:: TRY IT ::
Include no pictures. Output exactly the lines from the one that contains "4 Lake Pinehurst" through the final line of the entries.

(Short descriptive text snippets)
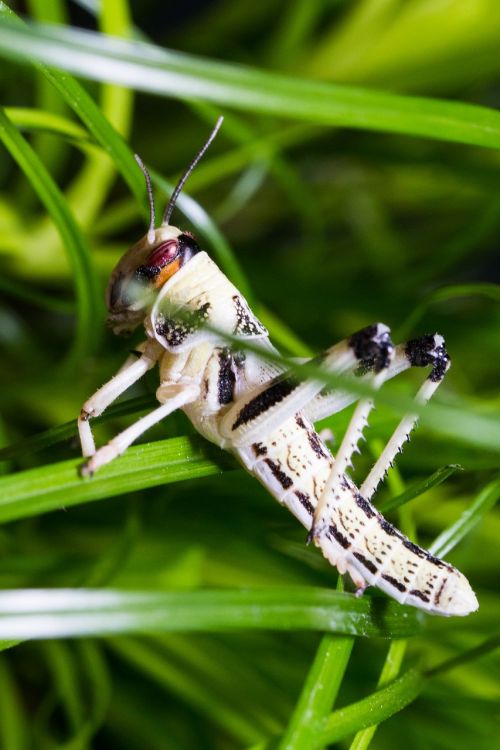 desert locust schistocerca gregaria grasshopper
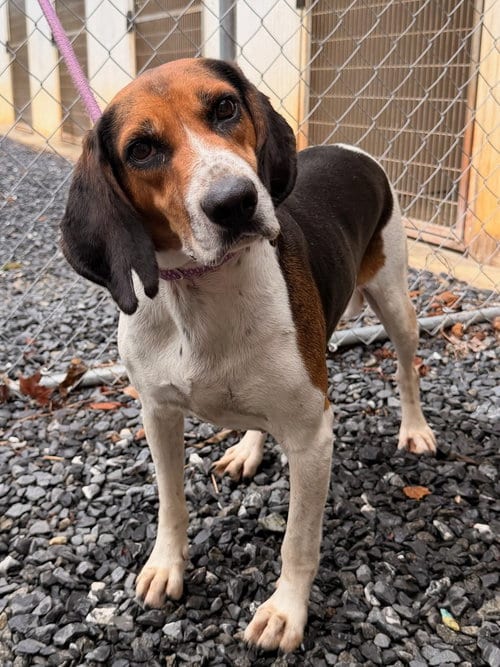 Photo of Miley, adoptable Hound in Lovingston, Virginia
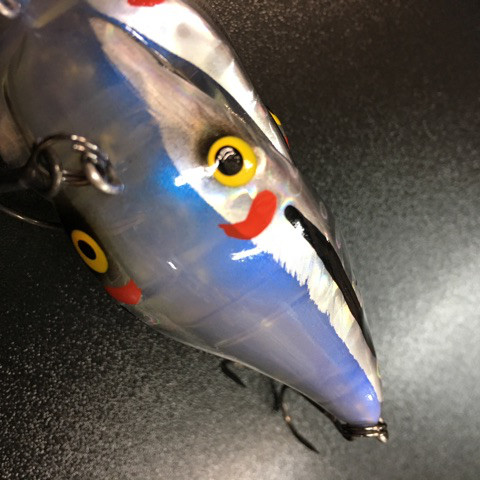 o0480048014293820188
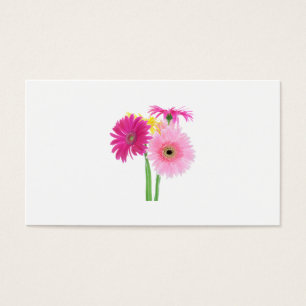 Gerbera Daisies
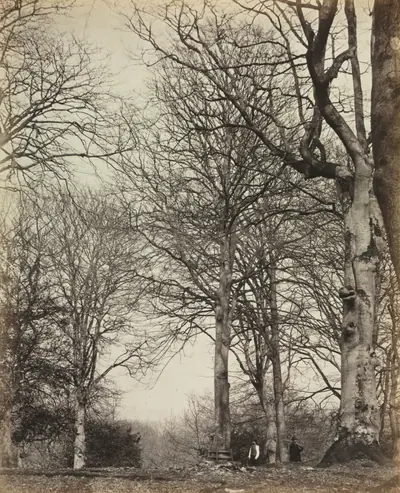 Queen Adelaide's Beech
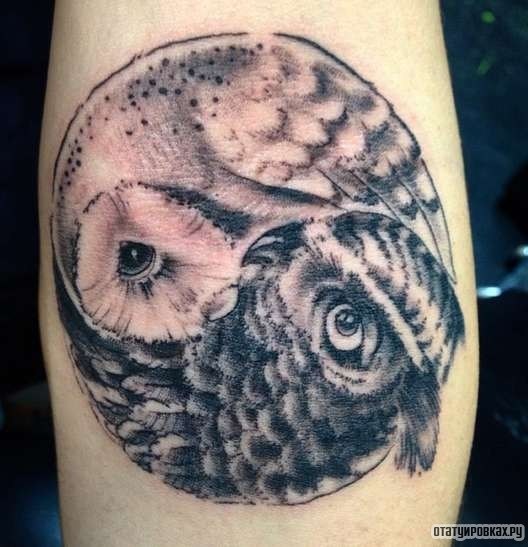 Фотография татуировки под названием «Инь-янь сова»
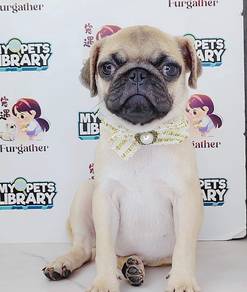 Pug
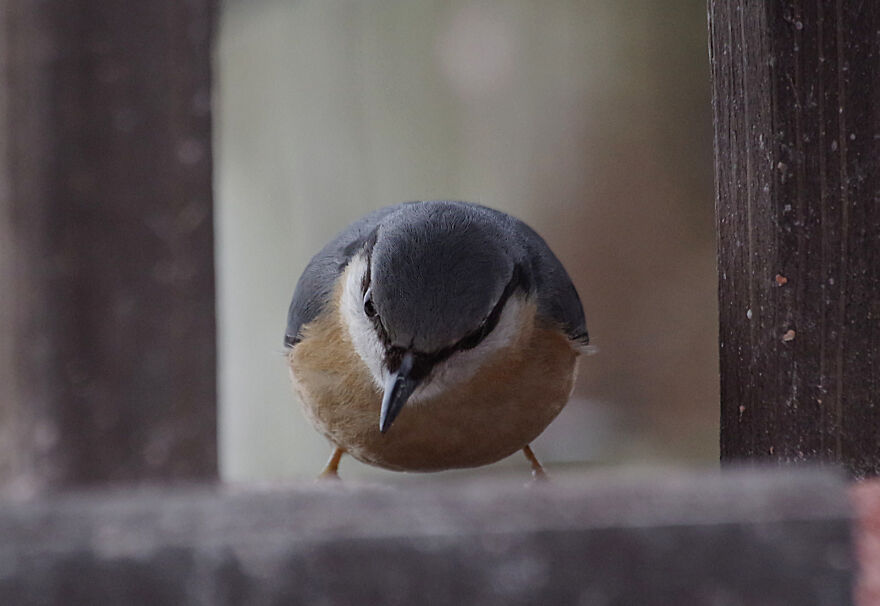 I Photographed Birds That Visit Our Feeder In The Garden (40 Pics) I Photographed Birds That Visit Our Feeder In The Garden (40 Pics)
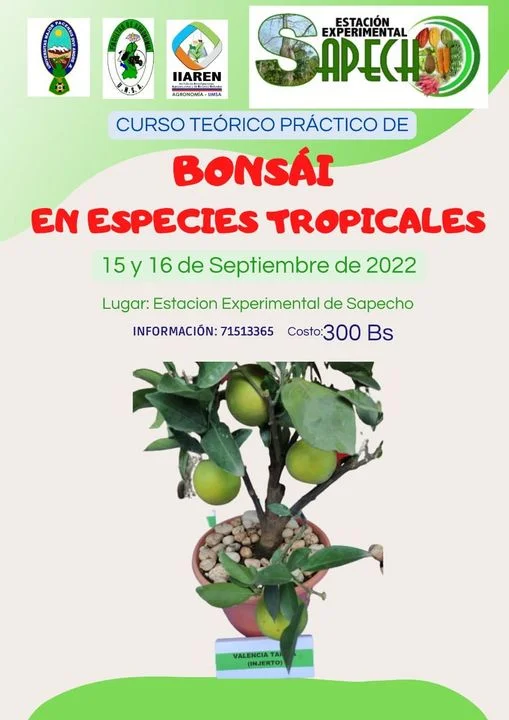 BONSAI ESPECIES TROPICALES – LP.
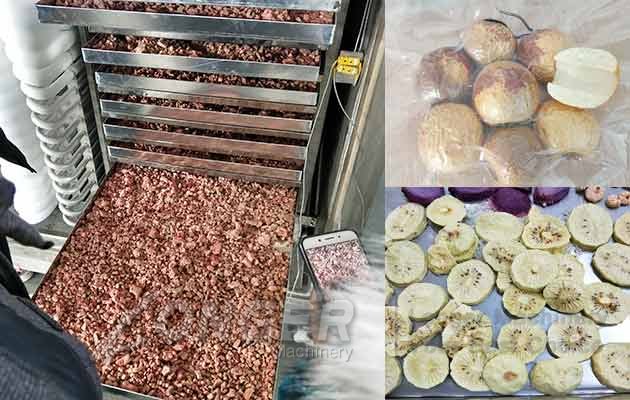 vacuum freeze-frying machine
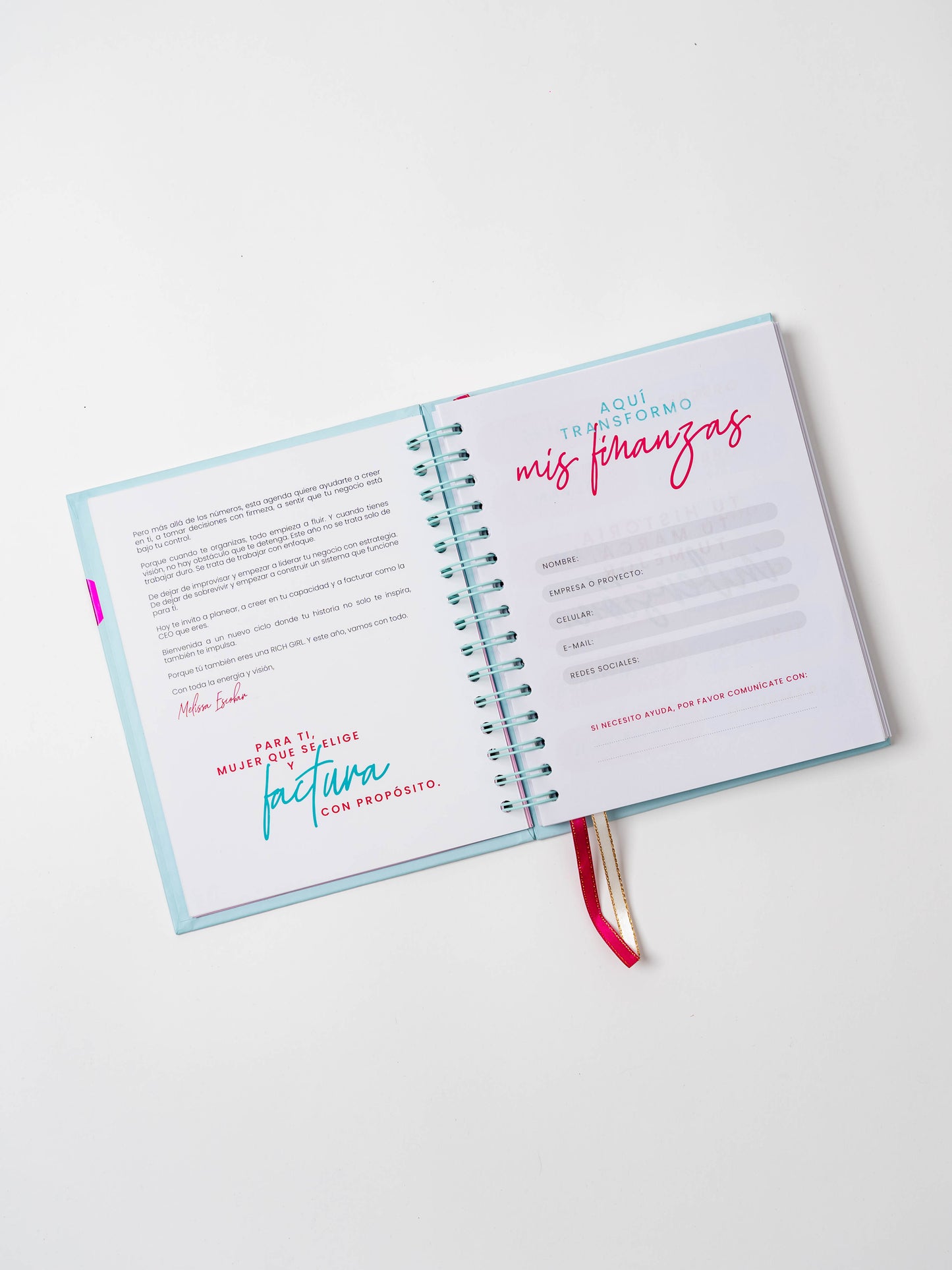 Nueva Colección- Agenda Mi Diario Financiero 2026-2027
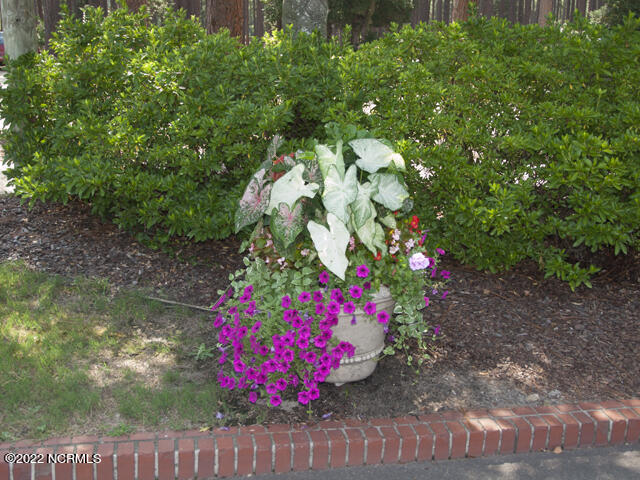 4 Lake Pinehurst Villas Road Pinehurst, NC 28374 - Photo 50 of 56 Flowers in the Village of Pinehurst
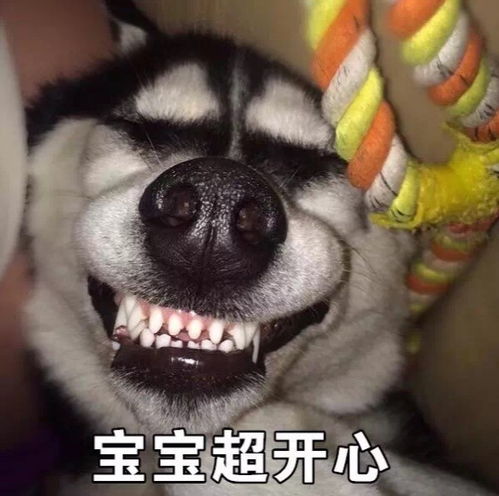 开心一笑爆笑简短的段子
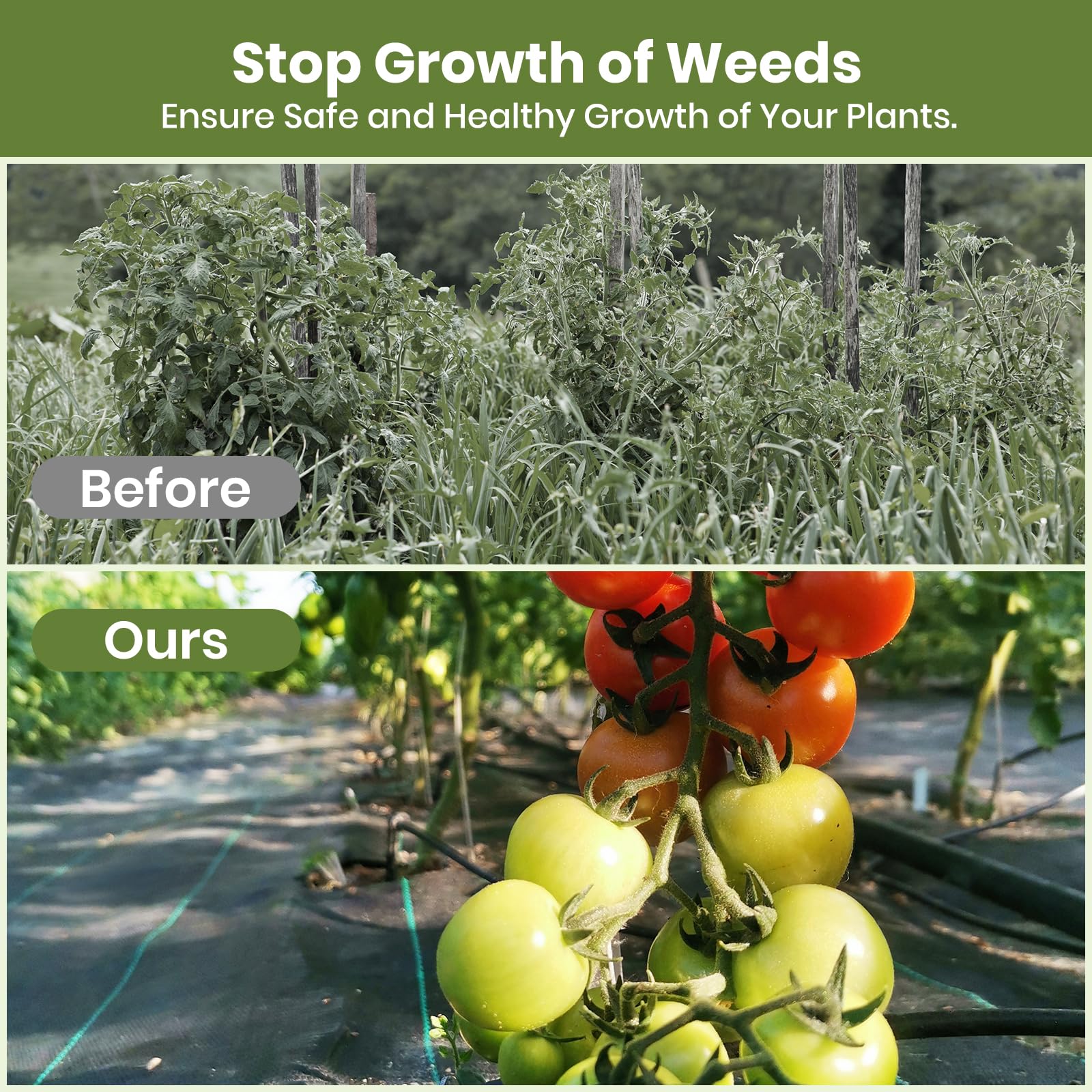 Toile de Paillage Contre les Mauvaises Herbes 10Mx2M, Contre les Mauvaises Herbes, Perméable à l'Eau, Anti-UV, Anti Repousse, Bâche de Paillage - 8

:: PROBLEM SOLUTION ::
 4 Lake Pinehurst Villas Road Pinehurst, NC 28374 - Photo 50 of 56 Flowers in the Village of Pinehurst
 开心一笑爆笑简短的段子
 Toile de Paillage Contre les Mauvaises Herbes 10Mx2M, Contre les Mauvaises Herbes, Perméable à l'Eau, Anti-UV, Anti Repousse, Bâche de Paillage - 8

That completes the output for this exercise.